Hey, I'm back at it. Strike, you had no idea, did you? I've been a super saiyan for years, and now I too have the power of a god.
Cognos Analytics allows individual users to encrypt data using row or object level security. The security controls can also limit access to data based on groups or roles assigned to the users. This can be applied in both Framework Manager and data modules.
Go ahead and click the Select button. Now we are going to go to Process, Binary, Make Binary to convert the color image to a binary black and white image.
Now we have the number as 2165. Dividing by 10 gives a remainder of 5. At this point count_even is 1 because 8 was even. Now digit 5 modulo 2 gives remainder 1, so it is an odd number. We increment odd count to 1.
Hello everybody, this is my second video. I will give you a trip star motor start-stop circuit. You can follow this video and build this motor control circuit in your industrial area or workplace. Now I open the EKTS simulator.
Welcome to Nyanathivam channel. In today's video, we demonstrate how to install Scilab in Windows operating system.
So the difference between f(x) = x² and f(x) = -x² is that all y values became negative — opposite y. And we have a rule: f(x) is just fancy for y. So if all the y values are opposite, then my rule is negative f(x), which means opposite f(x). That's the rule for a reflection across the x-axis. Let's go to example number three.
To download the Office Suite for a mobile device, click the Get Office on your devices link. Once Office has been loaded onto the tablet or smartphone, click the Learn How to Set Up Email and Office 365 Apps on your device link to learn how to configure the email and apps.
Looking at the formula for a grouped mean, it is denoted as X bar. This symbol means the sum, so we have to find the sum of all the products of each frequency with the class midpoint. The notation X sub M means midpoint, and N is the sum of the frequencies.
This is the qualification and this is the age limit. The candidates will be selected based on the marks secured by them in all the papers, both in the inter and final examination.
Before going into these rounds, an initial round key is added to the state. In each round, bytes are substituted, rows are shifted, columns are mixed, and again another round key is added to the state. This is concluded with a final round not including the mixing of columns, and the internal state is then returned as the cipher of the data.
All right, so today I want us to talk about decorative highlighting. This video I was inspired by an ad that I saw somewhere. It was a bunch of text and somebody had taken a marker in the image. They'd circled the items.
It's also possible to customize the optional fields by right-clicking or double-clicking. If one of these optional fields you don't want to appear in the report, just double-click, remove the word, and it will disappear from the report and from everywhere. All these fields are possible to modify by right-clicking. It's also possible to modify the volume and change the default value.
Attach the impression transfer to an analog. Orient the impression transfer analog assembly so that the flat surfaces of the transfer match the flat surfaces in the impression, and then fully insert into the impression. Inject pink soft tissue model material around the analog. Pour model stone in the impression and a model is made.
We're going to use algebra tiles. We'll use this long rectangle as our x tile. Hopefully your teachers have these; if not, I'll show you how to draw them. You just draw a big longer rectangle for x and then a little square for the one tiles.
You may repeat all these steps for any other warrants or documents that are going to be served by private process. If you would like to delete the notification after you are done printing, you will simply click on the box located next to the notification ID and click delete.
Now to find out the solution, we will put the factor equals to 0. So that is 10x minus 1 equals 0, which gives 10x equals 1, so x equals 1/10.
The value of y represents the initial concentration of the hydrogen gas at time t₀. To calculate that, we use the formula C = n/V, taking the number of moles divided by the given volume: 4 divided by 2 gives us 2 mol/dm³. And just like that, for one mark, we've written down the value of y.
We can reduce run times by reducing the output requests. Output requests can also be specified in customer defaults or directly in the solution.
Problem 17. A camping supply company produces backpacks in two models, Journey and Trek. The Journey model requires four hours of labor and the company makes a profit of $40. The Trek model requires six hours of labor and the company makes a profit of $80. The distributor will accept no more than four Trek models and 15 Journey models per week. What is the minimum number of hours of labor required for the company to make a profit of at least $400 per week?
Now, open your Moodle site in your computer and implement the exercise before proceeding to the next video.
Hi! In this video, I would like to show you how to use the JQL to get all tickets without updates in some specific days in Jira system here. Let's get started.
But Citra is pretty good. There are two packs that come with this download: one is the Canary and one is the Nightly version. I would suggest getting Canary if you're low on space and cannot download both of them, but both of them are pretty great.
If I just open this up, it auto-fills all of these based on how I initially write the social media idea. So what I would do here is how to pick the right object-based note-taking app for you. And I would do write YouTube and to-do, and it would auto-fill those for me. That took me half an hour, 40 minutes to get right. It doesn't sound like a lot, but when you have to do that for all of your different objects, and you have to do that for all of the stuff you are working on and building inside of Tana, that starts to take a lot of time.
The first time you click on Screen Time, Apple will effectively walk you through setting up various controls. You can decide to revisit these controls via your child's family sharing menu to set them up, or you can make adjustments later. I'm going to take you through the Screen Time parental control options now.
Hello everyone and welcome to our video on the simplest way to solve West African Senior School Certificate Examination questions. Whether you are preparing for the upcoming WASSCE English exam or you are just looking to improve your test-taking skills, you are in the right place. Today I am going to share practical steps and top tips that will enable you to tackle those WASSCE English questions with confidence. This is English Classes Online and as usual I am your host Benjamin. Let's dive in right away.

************

What is being asked.
In the data above, which lines lie between the line with "Now, open your" and the line with "But Citra is", inclusive? Print those lines exactly and nothing else.

Answer space.
Now, open your Moodle site in your computer and implement the exercise before proceeding to the next video.
Hi! In this video, I would like to show you how to use the JQL to get all tickets without updates in some specific days in Jira system here. Let's get started.
But Citra is pretty good. There are two packs that come with this download: one is the Canary and one is the Nightly version. I would suggest getting Canary if you're low on space and cannot download both of them, but both of them are pretty great.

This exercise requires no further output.